Is there a project or investment opportunity that’s lying dormant in your organisation? Perhaps it’s been tried a number of times in the past but it’s ground to standstill each time.
Your technical and commercial teams might have analysed it, completing several studies, the results of which are now gathering dust in a digital cupboard. At Rockflow, we have often seen plenty of these kinds of situations in late life facilities rationalisation, infill drilling campaigns and near-field tie-back opportunities.
The project might have lacked a clear owner, the management team might have been in conflict, or – and this is sometimes the case – people simply had different perspectives on the opportunity, coloured by their own area of expertise.
Your organisation might not have hit pause at first. It could be that people jumped to a solution concept too quickly and the technical feasibility was always a challenge, but no-one stepped back to look at very different alternatives.

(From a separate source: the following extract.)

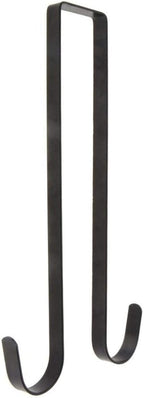 Norgail 15 Inches Metal Double Wreath Hanger Over The Door Large Double Door Wreath Hook for Christmas Wreath Front Door Hanger - Holds 2 Wreaths with 2 Sided Hanger Sturdy Black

Why the opportunity might still be stuck
You see this sort of situation in the North Sea, where the production cost per barrel have risen due to ageing facilities – and it’s been difficult to agree on the future reliability and cost of 3rd party infrastructure.
Opinions are divided: Commercial says there isn’t a solution for the proposed concept, others say it should have been done two years ago or not at all, engineering are demanding more data and studies, and one person reiterates time and again that they’ll never get corporate to agree on it. This scale of opportunity needs real alignment and commitment from the whole leadership team.
These positions might be entrenched, and may well not shift when new data is acquired, or even after the organisation spends a great deal of time studying how to mitigate the challenges involved. ‘Stuck’ opportunities can get a bad label and it’s usually difficult to get them back on the agenda with new thinking behind them.
And yet, while there is seemingly no way forward, someone – possibly you – might recognise there is still a real opportunity here. You could have legitimate concerns about raising the subject again with your leadership peers, and it might be difficult to reframe the opportunity to get wider support. But that doesn’t necessarily mean you shouldn’t act. You can begin by talking to an outsider.
The role of an independent advisor
You could start by simply talking through your situation with an advisor. You might have someone in mind already, or be able to get a referral from someone in another part of your organisation. New ideas from a fresh perspective might give you a new approach to make the case internally.
Often things about the situation change or new information becomes available, but the ‘bad’ label on the opportunity makes it difficult to find the moment to kick-off a fresh look at it. Talking helps to begin with but, if you want to unblock the opportunity you see, an advisor can go further, formally gathering all the relevant parties’ perspectives and leading a structured dialogue to get this opportunity out of limbo.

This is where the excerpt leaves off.